= WHAT THE EXERCISE ASKS =
Excerpt from the entries below: please repeat exactly the lines from the one containing "Video: Master P" through the last one, both ends included, with no pictures.

--- RECORD SET Enclosed Below ---

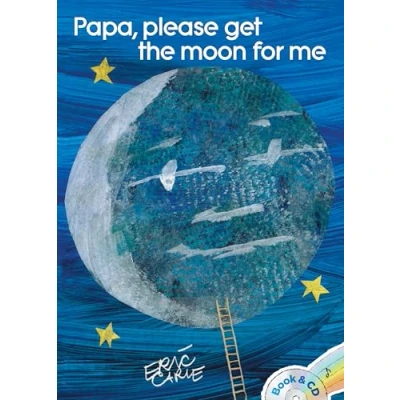 Afbeelding van Papa, Please Get the Moon for ME
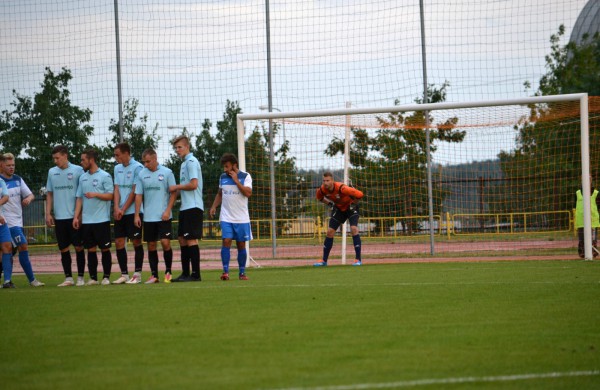 Neišnaudojus daugybės progų - "Lietavos" lygiosios su "Minija"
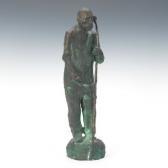 APOLONOV Alexander,The Wanderer,Aspire Auction US 2013-05-24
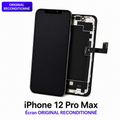 Ecran iPhone 12 Pro Max Original Reconditionné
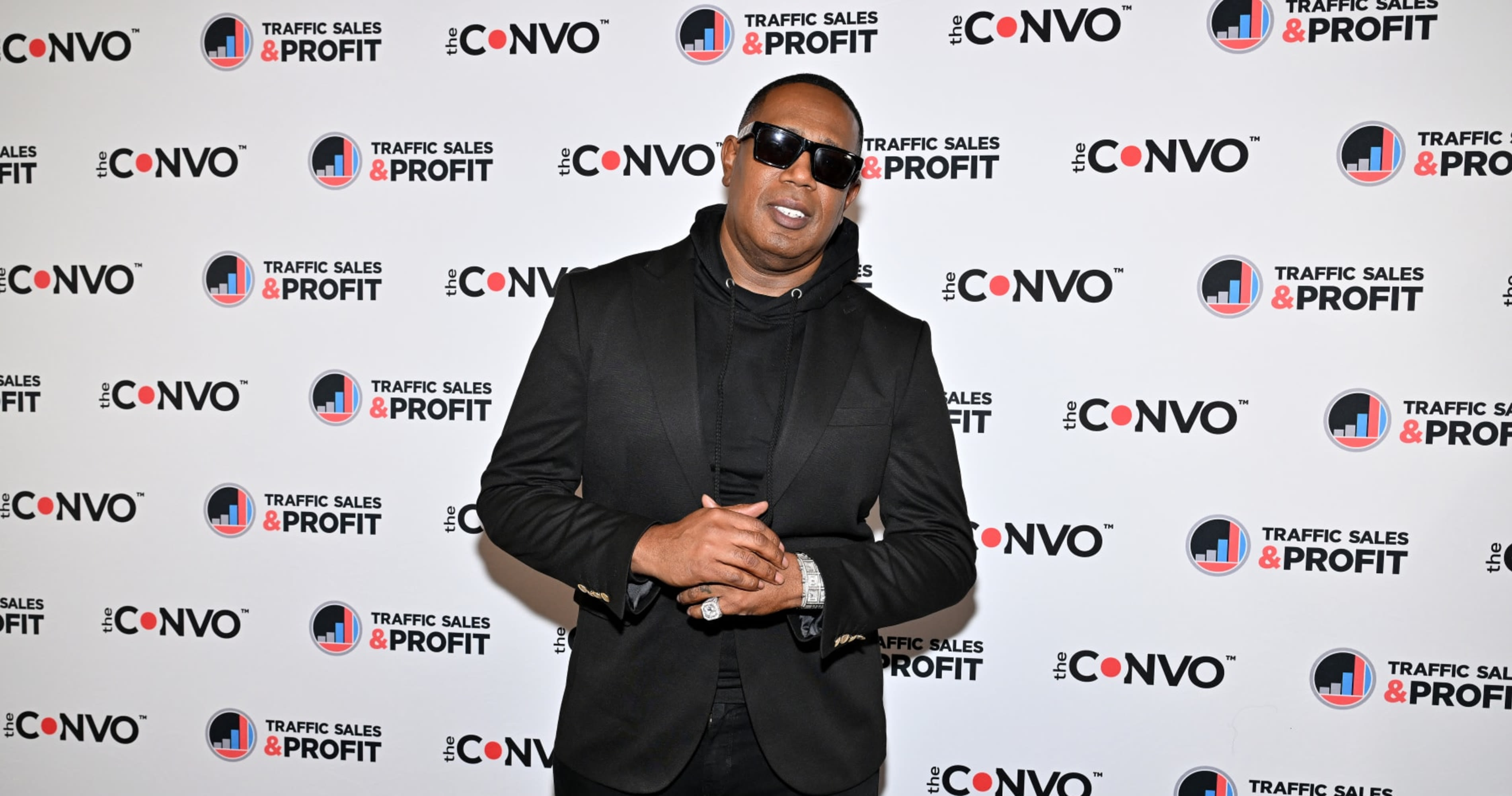 Video: Master P Says Pelicans Would Win NBA Title in 2025 with Him on Coaching Staff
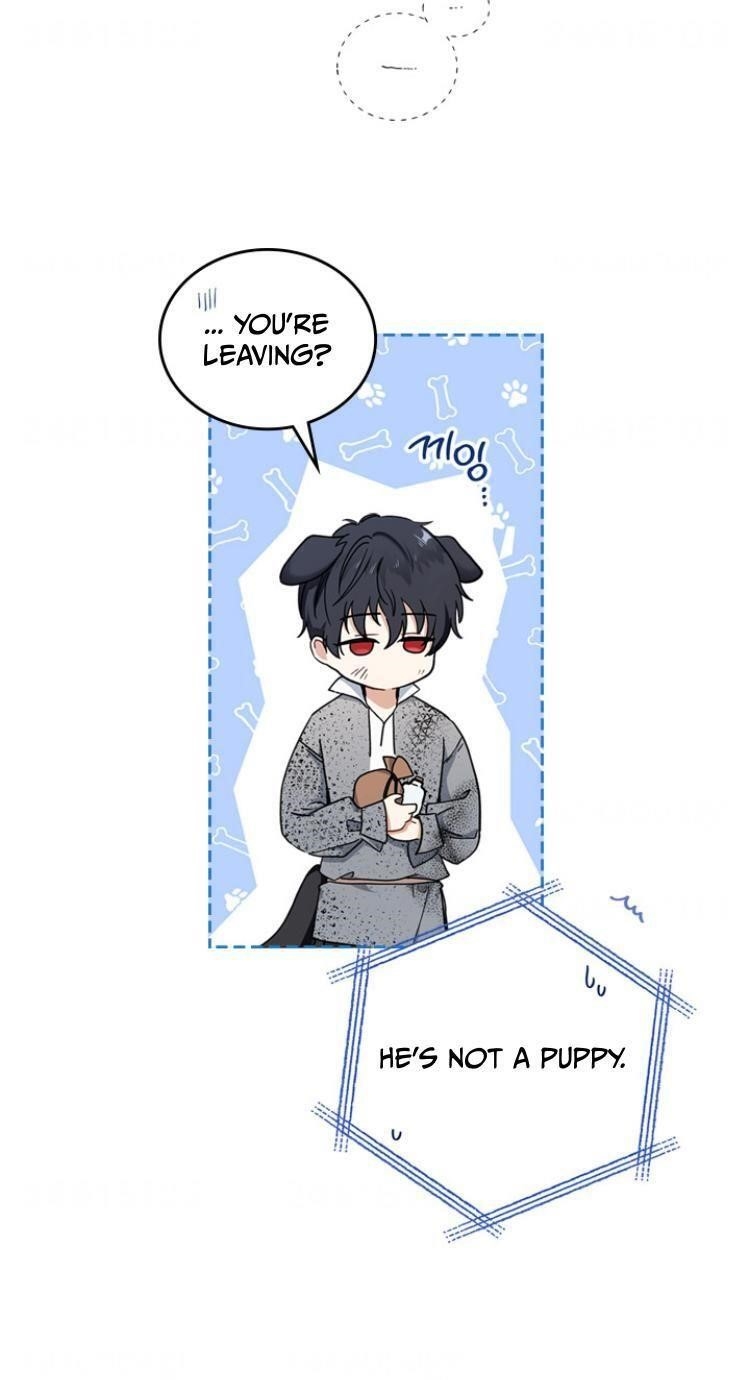 I’ll Be the Matriarch in This Life - Chapter 26 Page 62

--- End of Enclosed RECORD SET ---

= PROBLEM SOLUTION =
 Video: Master P Says Pelicans Would Win NBA Title in 2025 with Him on Coaching Staff
 I’ll Be the Matriarch in This Life - Chapter 26 Page 62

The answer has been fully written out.